Studying the speciation data under experimentally controlled conditions that allow intrinsic kinetics is fundamental to developing (micro-)kinetic models for process development and optimization. In this work, we systematically studied the primary decomposition of PP under isothermal kinetically controlled conditions using a tandem microreactor coupled to a comprehensive two-dimensional gas chromatography with a time-of-flight mass spectrometer and flame ionization detector (Py-GC×GC-FID/TOF-MS). GC×GC is a powerful technique with superior resolution compared to traditional one-dimensional gas chromatography (GC). GC×GC allows a comprehensive identification and quantification of the pyrolysis products. Box-Behnken design of experiments (BBD) was used to evaluate the pyrolysis variables (i.e., pyrolysis temperature, sample size, helium flow rate, and particle size) along principal component analysis (PCA) to evaluate statistical differences between the product distribution of the experiments conducted. In addition, BBD border conditions and conditions beyond BBD were evaluated to identify the changes that extreme conditions cause to product distribution under enhanced heat and mass transport effects.

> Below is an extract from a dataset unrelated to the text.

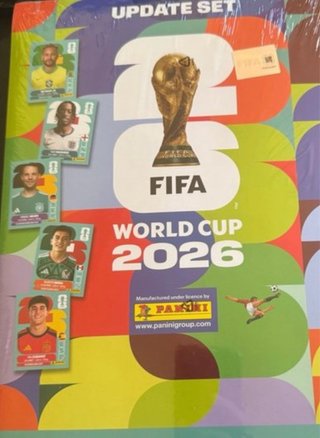 Set Actualización Cromos Panini Mundial 2026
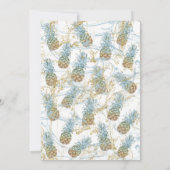 トロピカルパイナップル卒業パーティー卒業生写真 招待状 (裏面)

The analysis of 600 pyrolysis products identified and quantified in the pyrolysis of PP for the condition combinations evaluated in BBD resulted in statistical differences at temperatures of 460, 530, and 600 ^oC, with C₃ to C₃₅ yields ranging from 39.88 2.08 to 66.61 3.26 wt.%. However, no statistical differences were found in the pyrolysis product distribution within the ranges of sample weight (50 – 150 µg), particle size (53 – 125, 125 – 300, and >300 µm), and carrier gas flow rate (100 – 300 ml min^-1) studied in the BBD experimental space. The analysis of the border conditions showed that a combination of the lowest carrier gas flow rate (100 ml min^-1) and the highest sample weight (150 µg) resulted in statistically different product distribution at the studied pyrolysis temperatures compared to the combination suggested by BBD. Conditions beyond the BBD, including a sample weight of 800 µg and a carrier gas flow rate of 30 ml min^-1, resulted in statistically different product distributions compared to the BBD. Notably, new products such as polycyclic aromatic hydrocarbons (PAHs) were identified. The findings from this work clearly show the importance of selecting appropriate pyrolysis parameters to obtain kinetically relevant experimental data, which in turn serves as a valuable guide for the development and validation of (micro-) kinetic models.